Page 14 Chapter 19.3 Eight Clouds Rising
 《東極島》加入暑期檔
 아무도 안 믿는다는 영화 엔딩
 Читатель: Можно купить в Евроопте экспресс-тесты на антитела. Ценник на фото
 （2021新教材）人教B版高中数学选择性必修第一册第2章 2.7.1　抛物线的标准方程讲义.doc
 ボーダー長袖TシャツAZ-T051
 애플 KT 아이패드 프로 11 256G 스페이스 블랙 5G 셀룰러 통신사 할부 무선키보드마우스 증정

* [YOUR TASK]
Print out every entry, keeping each one exact.

* [TASK RESULT]
Page 14 Chapter 19.3 Eight Clouds Rising
 《東極島》加入暑期檔
 아무도 안 믿는다는 영화 엔딩
 Читатель: Можно купить в Евроопте экспресс-тесты на антитела. Ценник на фото
 （2021新教材）人教B版高中数学选择性必修第一册第2章 2.7.1　抛物线的标准方程讲义.doc
 ボーダー長袖TシャツAZ-T051
 애플 KT 아이패드 프로 11 256G 스페이스 블랙 5G 셀룰러 통신사 할부 무선키보드마우스 증정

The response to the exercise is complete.